Yes, that's the boat I have in mind. Reasonable price and decent boat condition.


----------



## zedboy (Jul 14, 2010)

Kriss whatever you buy beers are on me when you get to Ashkelon.

Personally I would want the big end of the spectrum for the pond. And would insist on fin keel and as much waterline as possible.

Like: Cherubini Hunter 37 (there is one on my dock), Gin Fizz (but uncommon on East Coast, could buy in Med), Tartan 33 or 37C if budget allows.


----------



## krisscross (Feb 22, 2013)

zedboy said:


> Kriss whatever you buy beers are on me when you get to Ashkelon.
> 
> Personally I would want the big end of the spectrum for the pond. And would insist on fin keel and as much waterline as possible.
> 
> Like: Cherubini Hunter 37 (there is one on my dock), Gin Fizz (but uncommon on East Coast, could buy in Med), Tartan 33 or 37C if budget allows.

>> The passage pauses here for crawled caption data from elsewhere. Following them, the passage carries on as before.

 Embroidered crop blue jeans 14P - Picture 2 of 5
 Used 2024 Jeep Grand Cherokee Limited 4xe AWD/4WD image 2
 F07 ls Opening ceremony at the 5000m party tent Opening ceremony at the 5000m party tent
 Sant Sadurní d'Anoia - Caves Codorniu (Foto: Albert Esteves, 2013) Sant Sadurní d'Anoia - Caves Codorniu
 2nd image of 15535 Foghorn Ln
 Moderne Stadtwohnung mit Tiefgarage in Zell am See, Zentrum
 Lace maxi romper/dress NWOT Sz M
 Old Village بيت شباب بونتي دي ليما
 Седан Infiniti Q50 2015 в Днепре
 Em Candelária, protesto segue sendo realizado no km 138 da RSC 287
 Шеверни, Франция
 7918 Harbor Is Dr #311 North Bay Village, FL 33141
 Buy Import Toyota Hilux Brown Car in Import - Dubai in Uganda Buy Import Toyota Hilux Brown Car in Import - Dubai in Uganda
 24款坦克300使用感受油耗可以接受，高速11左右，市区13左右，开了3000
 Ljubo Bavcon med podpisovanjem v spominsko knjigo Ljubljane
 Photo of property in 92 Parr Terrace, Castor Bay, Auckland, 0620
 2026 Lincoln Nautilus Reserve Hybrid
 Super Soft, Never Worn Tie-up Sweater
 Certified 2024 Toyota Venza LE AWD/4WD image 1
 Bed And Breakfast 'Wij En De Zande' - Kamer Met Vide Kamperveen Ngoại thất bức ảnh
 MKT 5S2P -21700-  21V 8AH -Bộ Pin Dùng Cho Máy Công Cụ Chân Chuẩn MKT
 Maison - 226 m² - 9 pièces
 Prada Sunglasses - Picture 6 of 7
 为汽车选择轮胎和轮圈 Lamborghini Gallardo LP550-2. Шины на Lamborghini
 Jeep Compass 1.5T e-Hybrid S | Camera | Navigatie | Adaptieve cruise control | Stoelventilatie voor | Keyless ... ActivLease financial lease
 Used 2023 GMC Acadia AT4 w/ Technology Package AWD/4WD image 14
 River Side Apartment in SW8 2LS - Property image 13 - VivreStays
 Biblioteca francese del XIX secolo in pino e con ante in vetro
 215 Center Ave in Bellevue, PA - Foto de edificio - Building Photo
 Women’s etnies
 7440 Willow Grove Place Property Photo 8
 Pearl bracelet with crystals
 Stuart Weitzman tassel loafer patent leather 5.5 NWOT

Thanks! Might take you up on that. Planning to stay in the Med for at least a year. 
I am also leaning towards boats with longer waterline and at least 33' on deck. T33 is actually not a very big boat.


----------



## Sanduskysailor (Aug 1, 2008)

Niagara 35. BoatUS - Boat Reviews - Niagara 35 Prices in Canada put it in your range. My buddy has had one for 15 years and loves it. Many trips from New Bern to the Caribbean. Well built, sails well, classic looks. He has factory cutter rig which is quite versatile offshore. Here is one for sale now at approx $38,500 US 1979 Niagara 35 Mk 1 | sailboats | City of Toronto | Kijiji


----------



## zedboy (Jul 14, 2010)

krisscross said:


> Thanks! Might take you up on that. Planning to stay in the Med for at least a year.
> I am also leaning towards boats with longer waterline and at least 33' on deck. T33 is actually not a very big boat.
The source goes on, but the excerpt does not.